When to Consider Suing

If you do sue your landlord, the matter will be handled in civil court. Civil cases are easier to prove than criminal cases, but you still should consider hiring an attorney who specializes in business law or tenant-landlord relations.

You cannot sue your landlord just because you do not like him/her or have a minor grievance. To hold your landlord accountable for something he/she has to have breached your agreement or caused you or your business harm in some way.

There are some exceptions. If you tripped and were seriously injured on a commercial property due to the negligence of the landlord or property owner (i.e., the owner/landlord failed to remove ice or snow or repair substantial cracks in a sidewalk) you may still be able to file a personal injury claim. 

This type of personal injury claim—known as premises liability—is also handled in civil court is unrelated to the terms of your lease agreement and can be filed by anyone injured on an owner's property whether or not they were leasing space.

Limitations on the Rights to Sue

It is fairly common for agreements, including commercial and residential leases, to contain arbitration or mediation clauses. This means you agree that if there is a dispute between you and the landlord you will first try to resolve the conflict outside of court. This is usually a good thing for both the tenant and the landlord as long as it does not state that you totally forfeit your rights to sue if an agreement cannot be reached.

These clauses should name a specific mediation or arbitration company - not an individual. The arbitrator should be neutral and not someone affiliated with the landlord or their representative who will serve only the best interest of the landlord.

Even if your lease does contain an arbitration or mediation clause, you should still consult an attorney before attempting to resolve the conflict on your own. In some cases, if a landlord was negligent in some significant way, you may still be able to pursue a civil claim, and even with a mediator, chances are good that your landlord will still show up with an attorney.

Suing Is Not a Path to Riches

It is important to understand that if your landlord breaches your lease agreement you generally cannot sue for tort damages (i.e., what laypeople commonly refer to as "pain and suffering.") Only in the case of certain types of conduct or "bad faith" is there a possibility of suing a landlord for tort damages. 

You would have to prove that the actions of your landlord caused you some sort of harm (or, a tort.) Otherwise, you most likely can only either get out of a lease or be awarded reimbursement for costs you had to shell out that your landlord was required to pay for repairs or improvements. 

Even then, there may be limitations if you acted without giving your landlord a reasonable time to fix a problem. In other words, your landlord is protected against you taking matters into your own hands to fix or alter something on the property and then simply insisting the landlord reimburse you for the expense.
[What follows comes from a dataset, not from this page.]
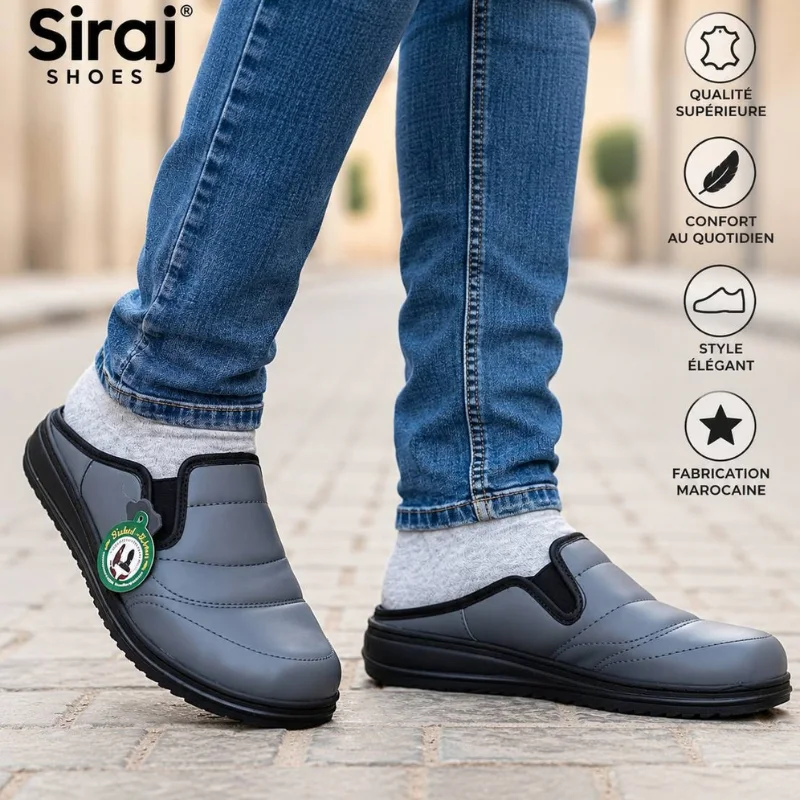 Premium  صابو رجالي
Suing your landlord is rarely profitable (you won't be awarded millions for your troubles), but you may be able to get reimbursement for certain expenses, or refunds on rent, or have the lease rescinded so you can move your business somewhere else.
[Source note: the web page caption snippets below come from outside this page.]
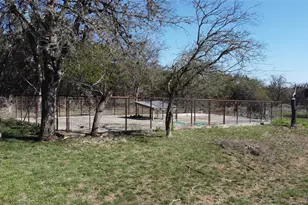 115 Woodland Rd, Kerrville, TX 78028 - Photo 39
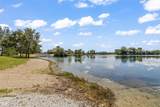 7179 Lakeshore Drive - Photo 20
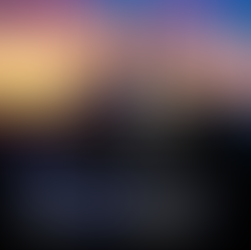 Aksa Yenilenebilir Enerji, Eskişehir’de kurulumu planlanan 50 MWe/50 MWh kapasiteli DGES projesi için yatırım yapacak.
Only Sign Leases You Understand

It is important that you never sign a lease with the idea that if there is trouble, you can just take a bad landlord to court and win. It is always better to sign an agreement you understand and are comfortable with and only with a landlord you feel you can trust. 

If you are not familiar with the terms of your lease, don't trust your landlord to explain them to you. In fact, the landlord might not even understand all the terms and it is not an attorney who can represent your interests. 

If you have questions, talk with your own lawyer, or someone who is familiar with commercial leasing that is not associated with the property owner or landlord. When it comes to leasing, the term "buyer beware" applies as "renter beware." The best way to protect yourself from getting stuck in a long-term lease is to get legal advice before you sign on the dotted line.